L’occasione arriva dal suo particolarissimo hobby: partecipare alle aste giudiziarie. Senza volerlo, infatti, Calò un giorno si ritrova con un magazzino tra le mani e si fa convincere dall’amico Pier Francesco ad aprire una sfincioneria: lo sfincione è una pizza tipica da queste parti (anzi, una pizza che così si fa solo da queste parti). Da qui incomincia una serie infinite di avventure o – come le chiama Calò – “sfighe”: mutui, fidi a rischio, richieste di pizzo, una rapina in banca, un sequestro e persino delle pistole puntate alla testa. Ma Mimmo è quello che da piccolo, nel momento in cui non riesce più a giocare a calcio allo stesso livello degli altri, si inventa come commentatore a bordocampo. E’ quello che con una battuta spiazza l’esattore del pizzo o convince il direttore di banca a concedergli un fido extra. Insomma è uno che, in qualche modo, se la cava.

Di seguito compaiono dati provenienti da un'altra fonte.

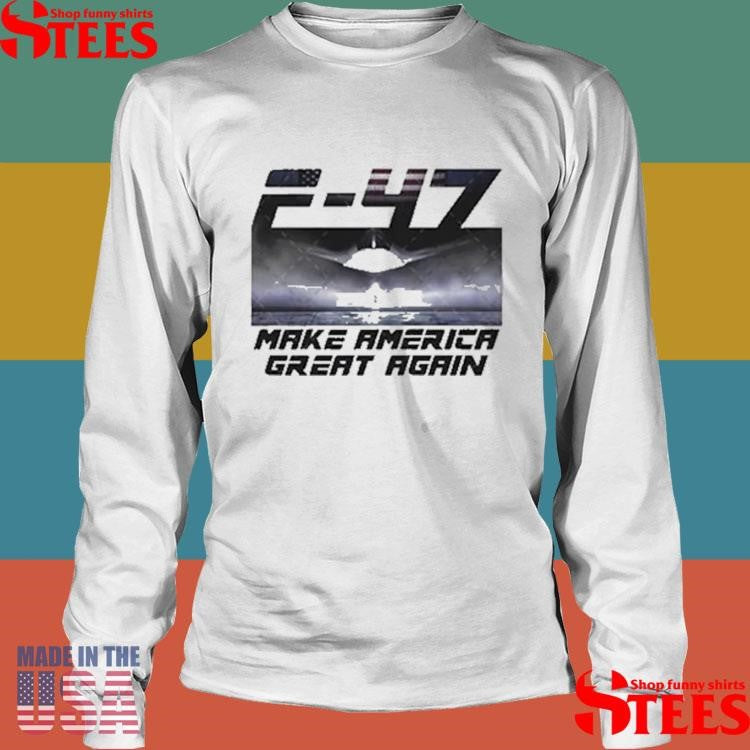 Trump F-47 Jet Make America Great Again Two-sided Shirts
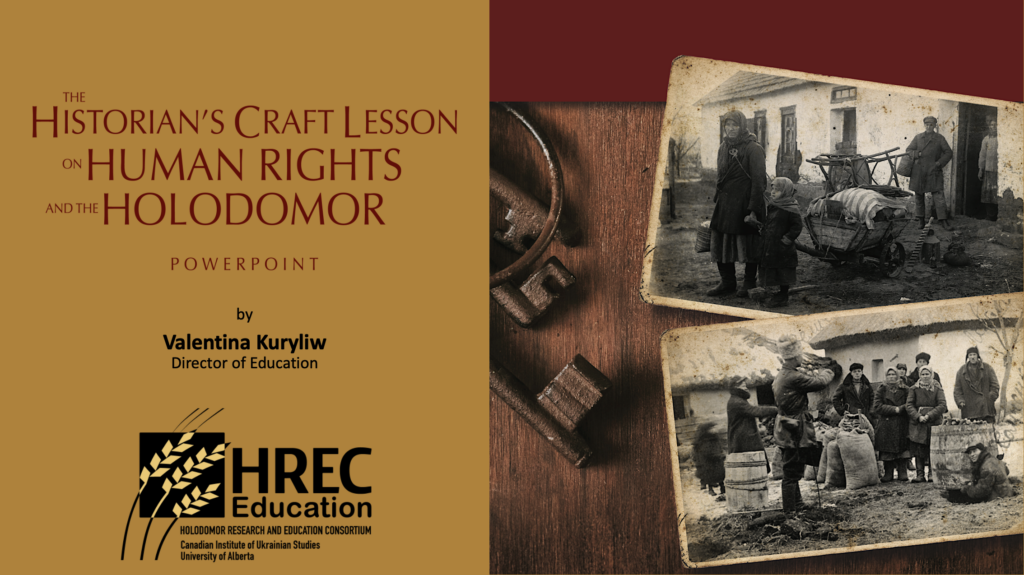 The Historian S Craft Lesson On The Holodomor HREC Education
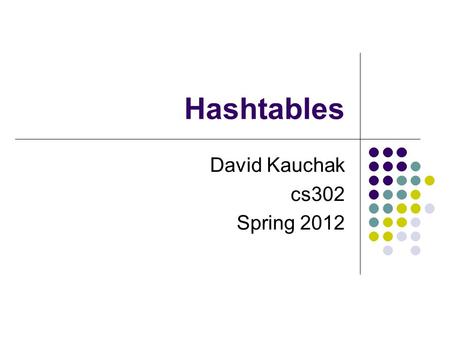 Hashtables David Kauchak cs302 Spring 2012. Administrative Midterm must take it by Friday at 6pm No assignment over the break.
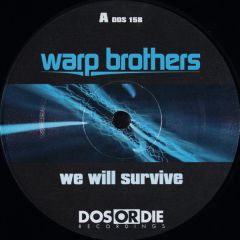 Warp Brothers Vs Aquagen - Warp Brothers Vs Aquagen - We Will Survive - Dos Or Die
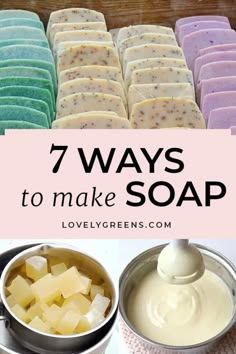 several different types of soaps with the words 7 ways to make soap on them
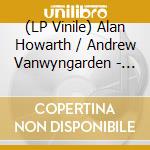 (LP Vinile) Alan Howarth / Andrew Vanwyngarden - Cosmic Dawn / O.S.T. vinile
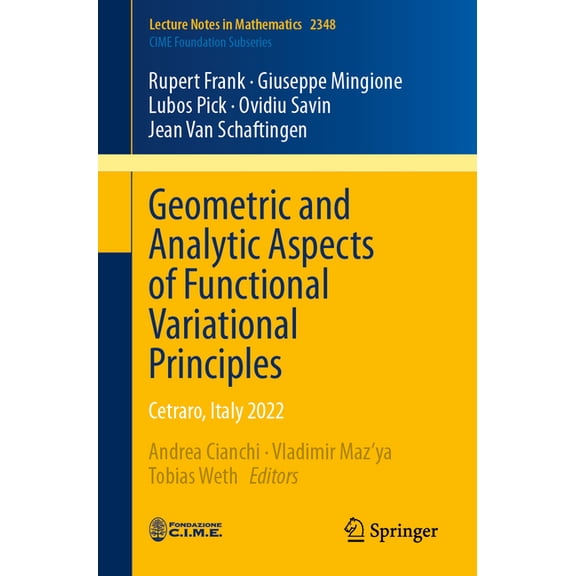 Geometric and Analytic Aspects of Functional Variational Principles: Cetraro, Italy 2022, (Paperback)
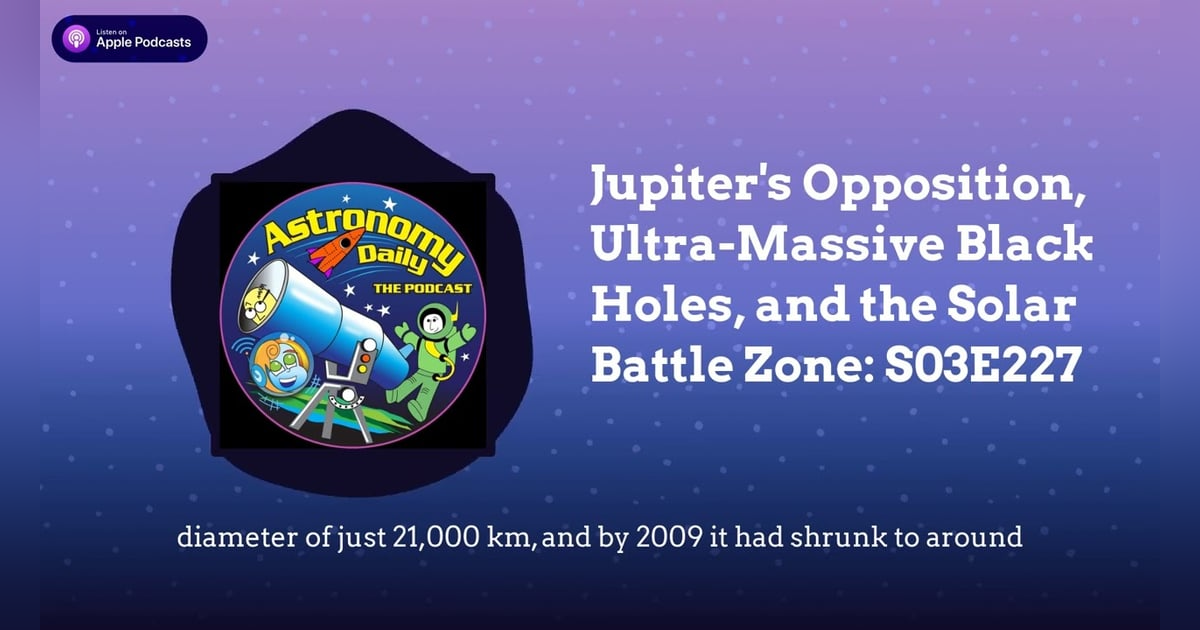 Jupiter’s Opposition, Ultra-Massive Black Holes, and the Solar Battle Zone: S03E227 Jupiter’s Opposition, Ultra-Massive Black Holes, and the Solar Battle Zone: S03E227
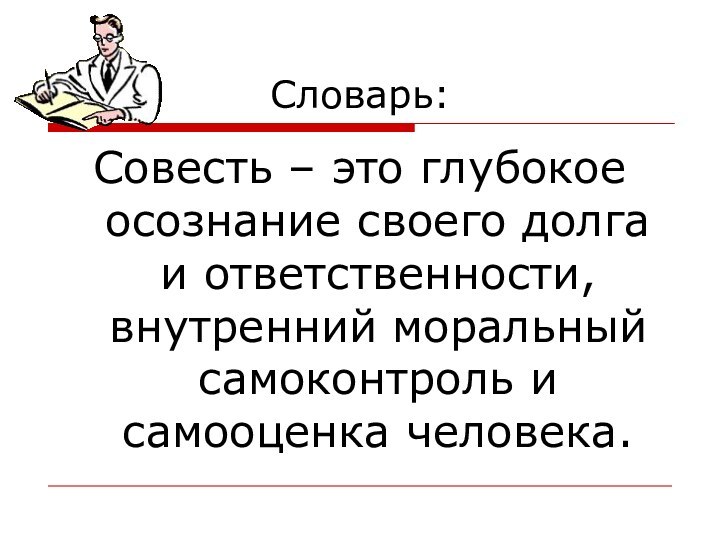 Словарь:Совесть – это глубокое осознание своего долга и ответственности, внутренний моральный самоконтроль и самооценка человека.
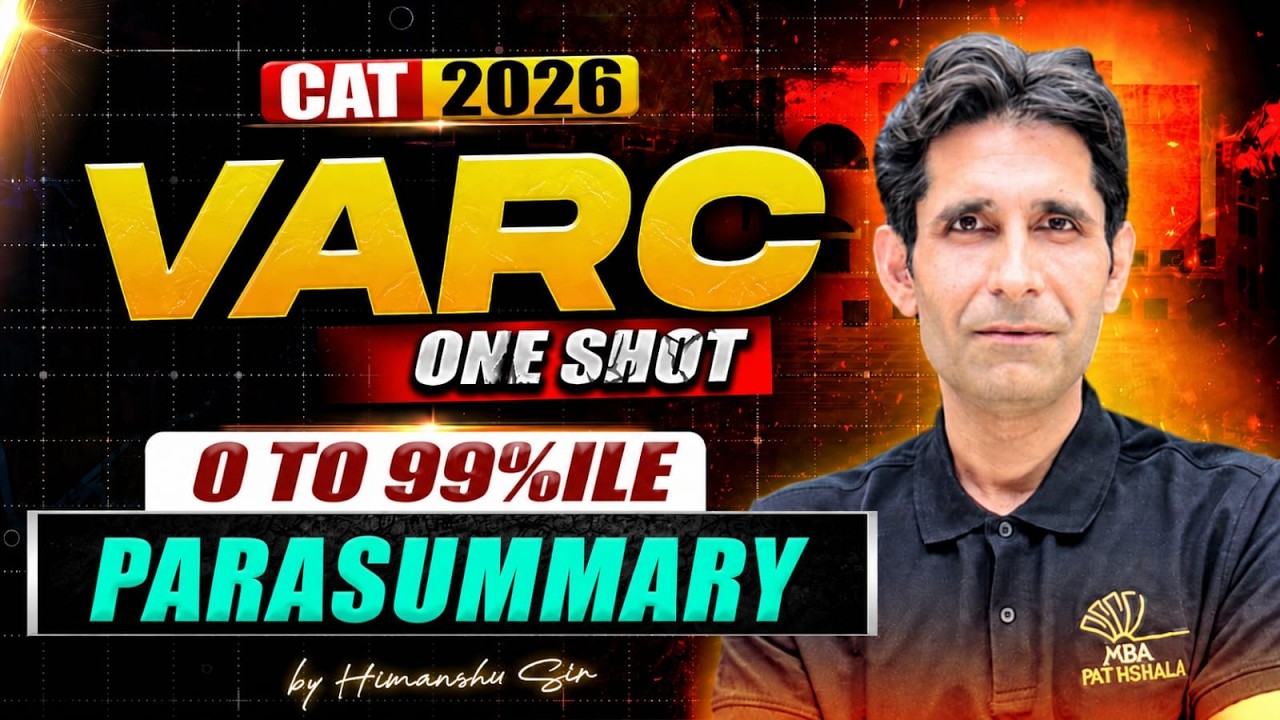 CAT 2026 One Shot 0 to 99%ile | VARC ~ Parasummary | MBA Pathshala ...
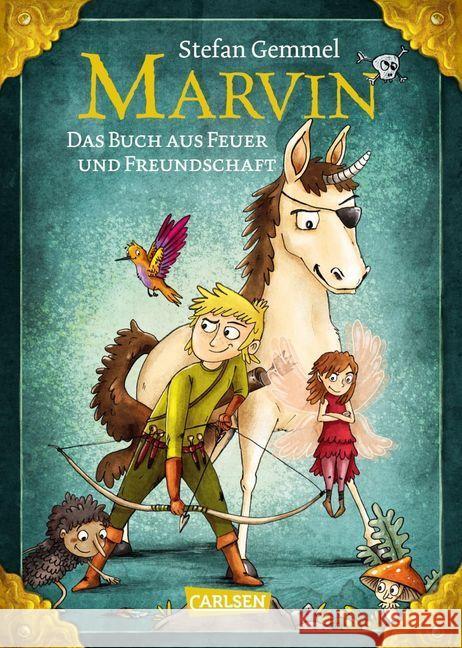 Marvin : Das Buch aus Feuer und Freundschaft Gemmel, Stefan 9783551652645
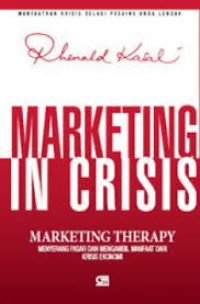Image of Marketing In Crisis : Marketing Therapy : Menyerang Pasar Dan Mengambil Manfaat Dari Krisis Ekonomi Cet. 1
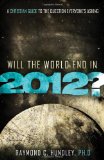 Will the World End In 2012? A Christian Guide to the Question Everyone's Asking 2010 9781400202850 Front Cover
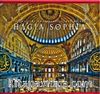The History and Architecture of the Hagia Sophia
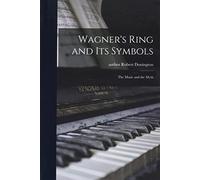 Wagner's Ring and Its Symbols: the Music and the Myth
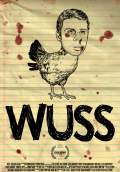 Wuss (2011) Poster #1 Thumbnail
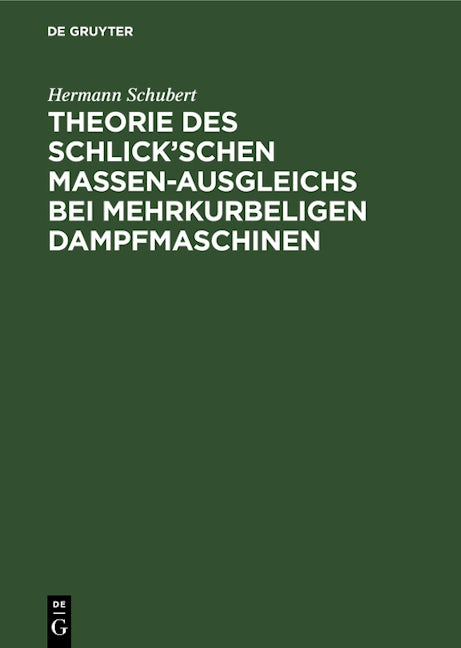 Theorie des Schlick’schen Massen-Ausgleichs bei mehrkurbeligen Dampfmaschinen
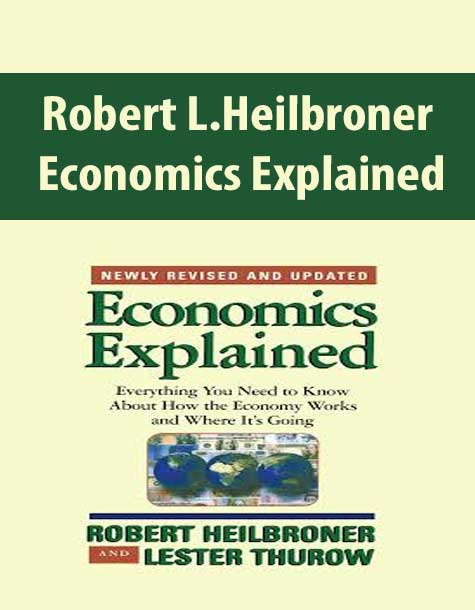 Robert L.Heilbroner – Economics Explained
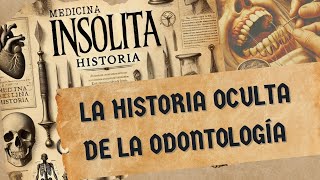 La Historia Oculta de la Odontología Medicina insólita [upl. by Sedgewinn617]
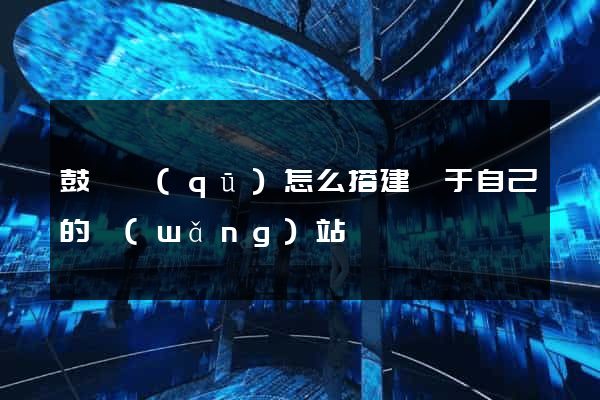 鼓樓區(qū)怎么搭建屬于自己的網(wǎng)站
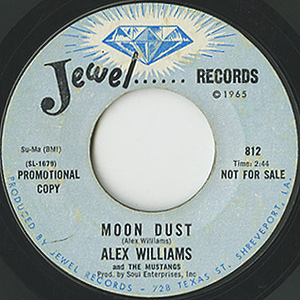 Alex Williams & The Mustangs / The Thrill Ain't Gone/Moon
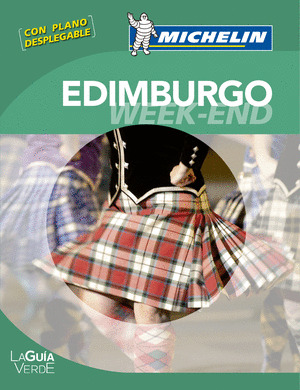 EDIMBURGO. LA GUIA VERDE WEEK-END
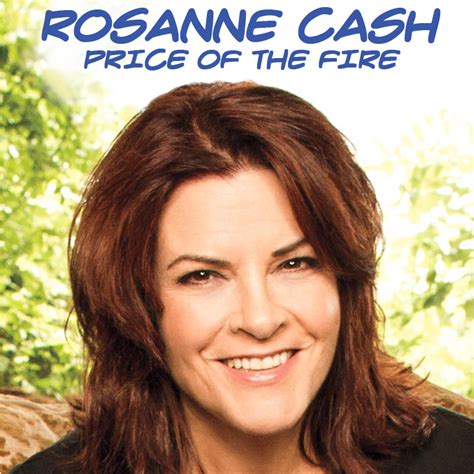 Albums That Should Exist Rosanne Cash Price Of The Fire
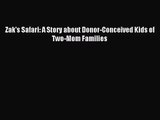 Zak's Safari: A Story about Donor-Conceived Kids of Two-Mom Families [Read] Full Ebook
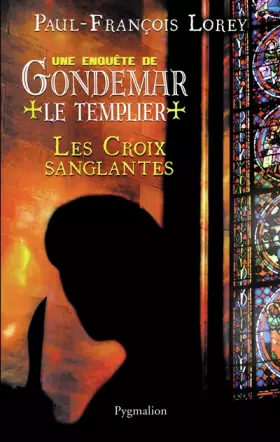 Couverture du produit · Les croix sanglantes : Une enquête de Gondemar le Templier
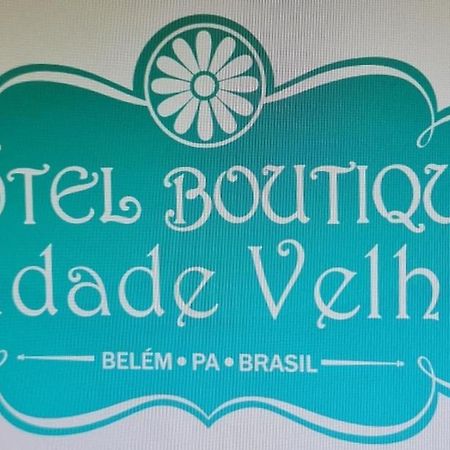 Hotel Boutique Cidade Velha Μπελέμ Εξωτερικό φωτογραφία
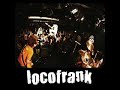 locofrank -survive- locofrank -survive-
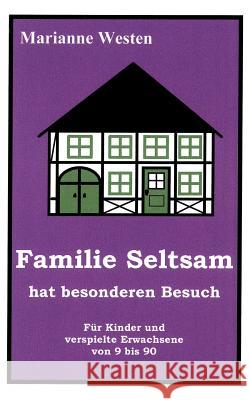 Familie Seltsam hat besonderen Besuch Marianne Westen 9783831103379
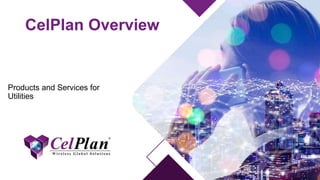 CelPlan Overview
Products and Services for
Utilities
 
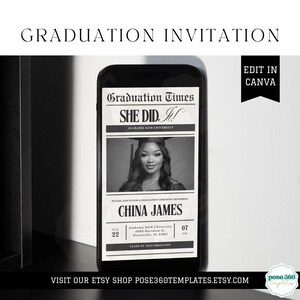 May include: Black and white graduation announcement with a newspaper design. The headline reads "Graduation Times" and "She Did It!" with the name "China James" and the date "May 22, 07 PM".
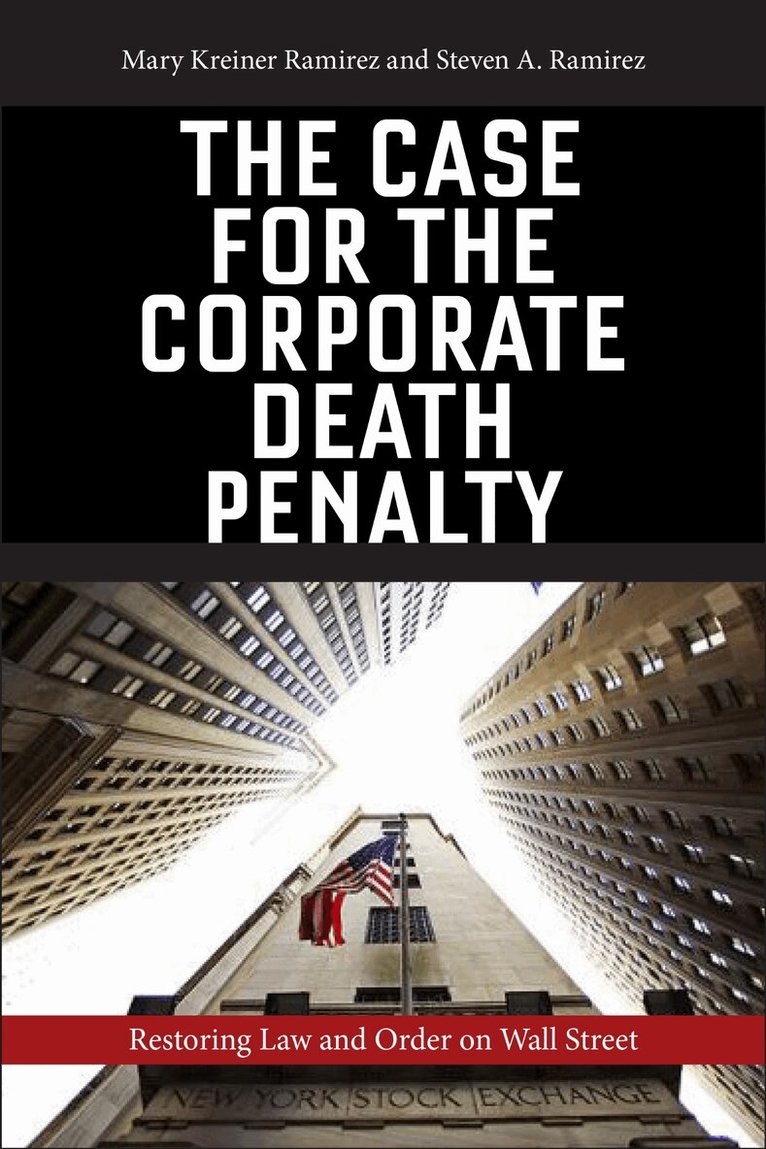 Mary Kreiner Ramirez, Steven A. Ramirez - Case for the Corporate Death Penalty, Inbunden. Tillgänglighet: Lägg i varukorg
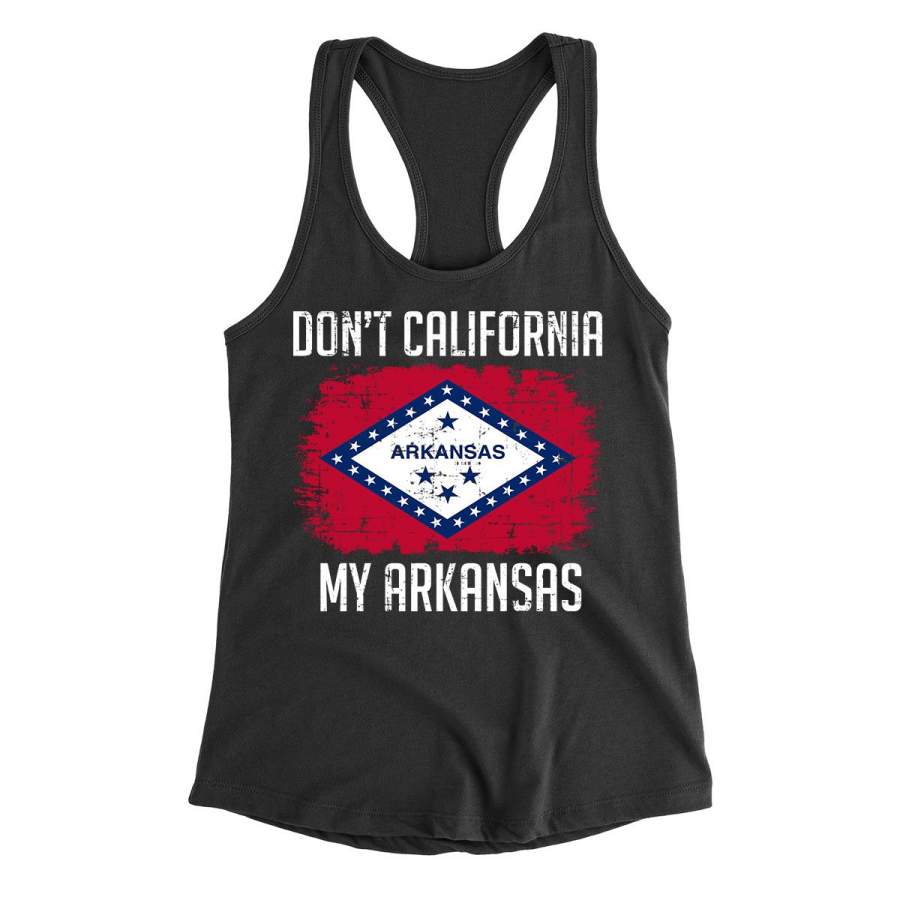 Don’t California My Arkansas Women’s Racerback Tank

Ecco perché in fondo questo libro non parla di Palermo e nemmeno della Sicilia. La mafia descritta non è così diversa da quella presente in molte altre regioni. I mutui, le banche, i “traffichini” sono all’ordine del giorno. E persino il maschilismo di Calò, questo suo dipingere le “femmine” (non le donne, le femmine) con divertenti elenchi infiniti – che molto ricordano il Nick Hornby di Alta Fedeltà – nascondono in realtà un personaggio quasi goffo nel rapportarsi con il genere femminile: incapace per esempio di dire di no alla sua compagna e alla temuta suocera o, ancora, di confessare l’incontro con una pulla in gioventù, con la quale si è persino commosso. Insomma, quanto di più lontano dal playboy maledetto presente nella stragrande maggioranza dei romanzi italiani.
Per tutto ciò, Appalermo, Appalermo esce dai confini della sua isola e arriva in ogni zona d’Italia: dal piccolo paesino di provincia alla grande città. Nessuno è esente dalle sfighe di quest’era moderna che assomigliano, vestite in maniera diversa, alle sfighe di ogni tempo. Per quelli che si muovono costantemente su un equilibrio sottile, non resta che la lezione di Mimmo Calò: prendere la vita con più leggerezza e imparare la sacra arte dell’arrangiarsi.